在最近的糧食歉收年份之前,二十八先令一誇特是英格蘭小麥的普通合同價格,英格蘭小麥在質量上要比西西里小麥差,在歐洲市場中售價一般較低。因此,在古代那個時候,白銀的價值和現今的價值相比,肯定是三對四的反比。即那個時候三盎司白銀能夠購買今天我們四盎司白銀所能夠購買的同量的勞動力以及商品。所以,在我們閱讀普林尼的書的時候,我們讀到塞俄阿斯購買了一隻白色夜鶯當做禮物送給皇后阿格利皮納。其價格是六千塞斯特斯,大約合我們現今貨幣五十鎊。阿西尼阿斯·塞納用八千塞斯特斯的價格買了一條鯡鯉,大約合我們現在貨幣六十六鎊十三先令四便士。
這些破天荒的價格儘管讓我們驚訝不已,但是不管怎樣,還不到它們真實價格的三分之一。塞俄阿斯為一隻夜鶯付出的勞動以及生活必需品的數量相當於今天六十六鎊十三先令四便士所能購買的勞動以及生活必需品的數量。而阿西尼阿斯為了一條鯡鯉所付出的對於勞動以及生活必需品的支配量相當於今天八十八鎊十七先令九又二分之一便士所能夠購買的勞動以及生活必需品的數量。促使這些物品價格這樣昂貴的原因並不是白銀十分充裕,而是勞動以及生活必需品非常充裕,羅馬人能夠自由處置的數量遠遠超過他們所要消費的數量。那個時候他們能夠自由處置的白銀數量要比今天對於同等數量的勞動以及生活必需品的支配權所能為他們獲取的白銀數量少得多。
第二類
在進步的過程當中,價格上漲的第二類原生產物是人類勤勞可以使之按需求成比例增加的產品,它由那些有用的植物以及動物組成。在沒有被開發的國家裡,自然界生長極為豐富,以致於它們非常少或者並沒有什麼價值。伴隨著土地的開墾以及耕種的向前擴展,它們被迫讓位給某些更加有用的產品。在進步的長期進程中,這些產品的數量不斷減少,同時對於它們的需求又不斷地增加。因此它們的真實價值——它們能夠購買或者支配的真實勞動量逐漸上升,直到最後它上升到這樣的一個高度:讓它們像人類勞動在最肥沃以及耕作得最好的土地上所能夠栽種的任何有用的產品一樣。當它的價值上漲到這樣一個程度,就不會再上漲了,假如它再漲,很快就會有更多的土地以及更多的勞動投入增多它們的產量。
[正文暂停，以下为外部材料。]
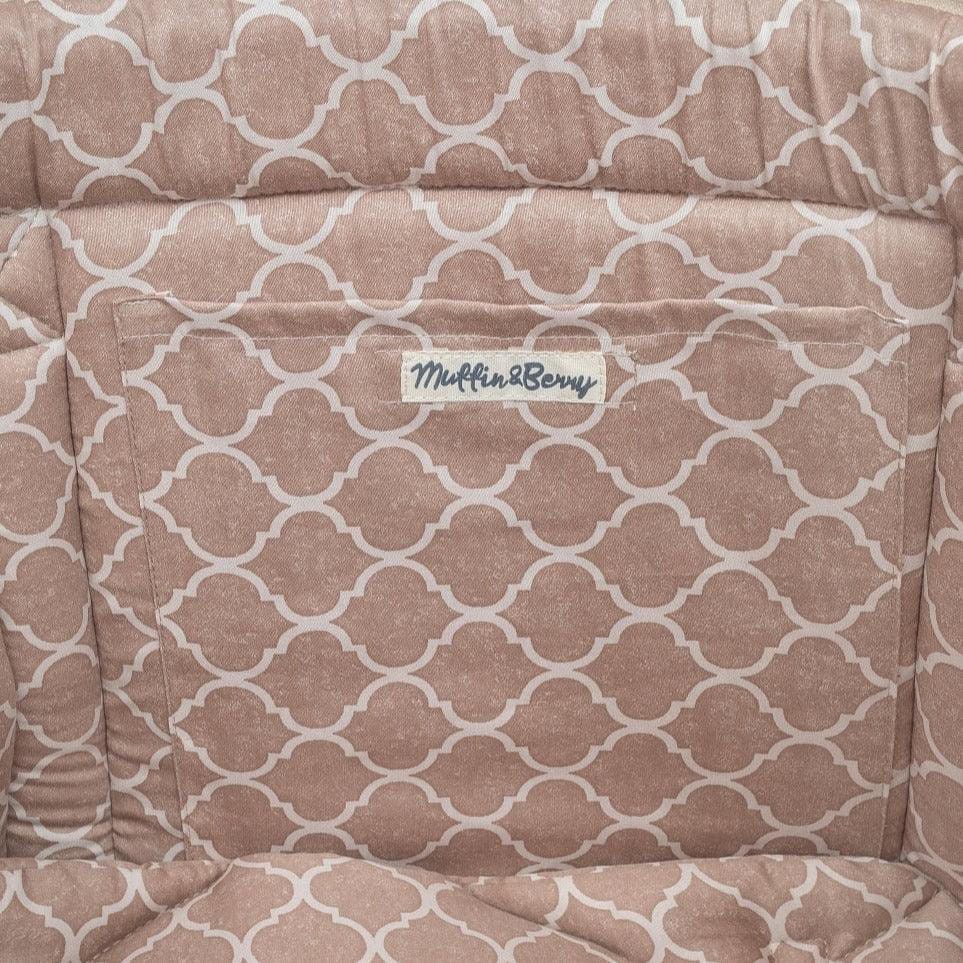 Muffin & Berry Muffin & Berry Velour Soft Luxury Dog Carrier - Antoinette Velour Pet Carrier Antoinette – Extra Long | Elegant & Practical – Pets Own Us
當牲畜的價格上漲到這樣一個程度,也就是開墾土地栽種牲畜飼料就像為了人類種植糧食一樣有利可圖的時候,它就不會再上漲了。假如它還繼續上漲,那麼更多的麥地立馬就會改為牧場。相反,以減少野生牧草的數量來擴大耕地,就會減少國家無須勞動或者耕種而自然生產的鮮肉量,與此同時,通過擁有穀物或者擁有穀物的價格來交換鮮肉的人的數量的增加,增加了對鮮肉的需求,因此,鮮肉的價錢,以及牲畜的價格肯定逐漸上漲,漲到利用最肥沃以及耕作得最好的土地種植牲畜飼料變得同栽種穀物一樣有利。但是,要使耕種這樣擴張,將牲畜的價格提高得如此高,那肯定要等到進步過程中的晚期了。並且在它並沒有達到這個高度之前,假如那個國家是在不斷進步的,它們的價格也肯定是在不斷上漲的。或許歐洲部分的牲畜價格並沒有達到這個高度。
在和英格蘭聯合之前,蘇格蘭也並沒有任何一個地區達到這一高度。假如蘇格蘭的牲畜總是僅限於供應蘇格蘭的市場,在這樣一個只能用於飼養牲畜的土地面積遠遠超過能用於其他生產目的土地面積的國度裡,或許,牲畜的價格不會提高得這麼高,以至於使為飼養牲畜而來耕作土地都變得有利可圖。之前已經說過,在英格蘭倫敦周圍的地區,牲畜的價格好像在十七世紀初葉就已經達到了這個高度。不過在大多數偏遠縣市,也許晚了很長時間才達到了這個高度,在某些地區或許現在都還沒有達到。但是,在構成第二類的不同原生產物中,在進步的過程當中,牲畜也許是其價格第一個上漲到這個高度的產物。